The NASA/ESA Hubble Space Telescope and NASA's Spitzer Space Telescope had already observed the planet. In combination with the high precision and pointing flexibility of CHEOPS, these observations enabled the researchers to measure the tiny signal of the tidal deformation of the planet light years away. In doing so, they took advantage of the fact that the planet dims the light of the star slightly each time it passes in front of it. "After observing several such so-called "transits," we were able to measure the deformation. It's incredible that we were able to do this -- it's the first time such an analysis has been done," reports Babatunde Akinsanmi, a researcher at the University of Geneva, co-author of the study and NCCR PlanetS associate.
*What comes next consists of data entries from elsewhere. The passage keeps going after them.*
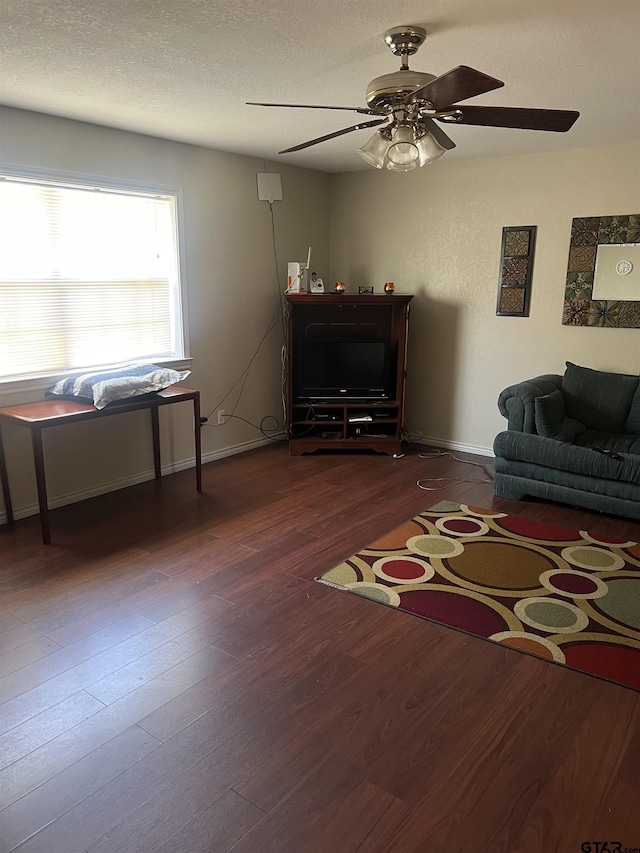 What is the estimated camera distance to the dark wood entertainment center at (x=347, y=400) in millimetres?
4930

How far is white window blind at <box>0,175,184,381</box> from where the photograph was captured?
3508 mm

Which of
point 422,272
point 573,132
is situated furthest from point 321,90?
point 422,272

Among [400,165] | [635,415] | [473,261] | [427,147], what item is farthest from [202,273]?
[635,415]

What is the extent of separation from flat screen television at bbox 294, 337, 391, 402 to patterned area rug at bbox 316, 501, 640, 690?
1.67m

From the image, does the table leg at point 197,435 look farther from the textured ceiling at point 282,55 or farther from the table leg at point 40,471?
the textured ceiling at point 282,55

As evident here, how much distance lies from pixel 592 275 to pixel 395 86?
279 cm

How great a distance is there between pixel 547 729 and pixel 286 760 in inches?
34.1

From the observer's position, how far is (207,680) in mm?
2217

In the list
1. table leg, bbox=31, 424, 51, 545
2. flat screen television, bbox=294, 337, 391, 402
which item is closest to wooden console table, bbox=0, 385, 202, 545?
table leg, bbox=31, 424, 51, 545

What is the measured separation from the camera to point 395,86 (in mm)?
2219

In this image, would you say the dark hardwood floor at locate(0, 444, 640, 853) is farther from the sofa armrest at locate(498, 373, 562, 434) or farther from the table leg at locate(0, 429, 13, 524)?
the sofa armrest at locate(498, 373, 562, 434)

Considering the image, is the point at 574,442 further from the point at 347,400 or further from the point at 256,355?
the point at 256,355

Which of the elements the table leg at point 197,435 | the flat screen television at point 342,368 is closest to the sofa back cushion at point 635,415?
the flat screen television at point 342,368

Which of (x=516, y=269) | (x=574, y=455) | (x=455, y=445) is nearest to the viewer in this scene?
(x=574, y=455)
The researchers' results not only allow conclusions to be drawn about the shape of the planet, but also about its interior. This is because the team was also able to derive a parameter called the "Love number" (named after the British mathematician Augustus E. H. Love) from the transit light curve of WASP-103b. It indicates how the mass is distributed within the planet and thus also gives clues about its inner structure. "The resistance of a material to deformation depends on its composition," explains Akinsanmi. "We can only see the tides on Earth in the oceans. The rocky part doesn't move that much. Therefore, by measuring how much the planet is deformed, we can determine how much of it is made up of rock, gas or water."
WASP-103b's Love number is like Jupiter's, our Solar System's biggest gas giant. It suggests that the internal structures of WASP-103b and Jupiter are similar -- even though WASP-103b is twice as large. "In principle, we would expect a planet with 1.5 times the mass of Jupiter to be about the same size. Therefore, WASP-103b must be highly inflated due to heating by its nearby star, and perhaps other mechanisms," says Monika Lendl, professor of astronomy at the University of Geneva and co-author of the study.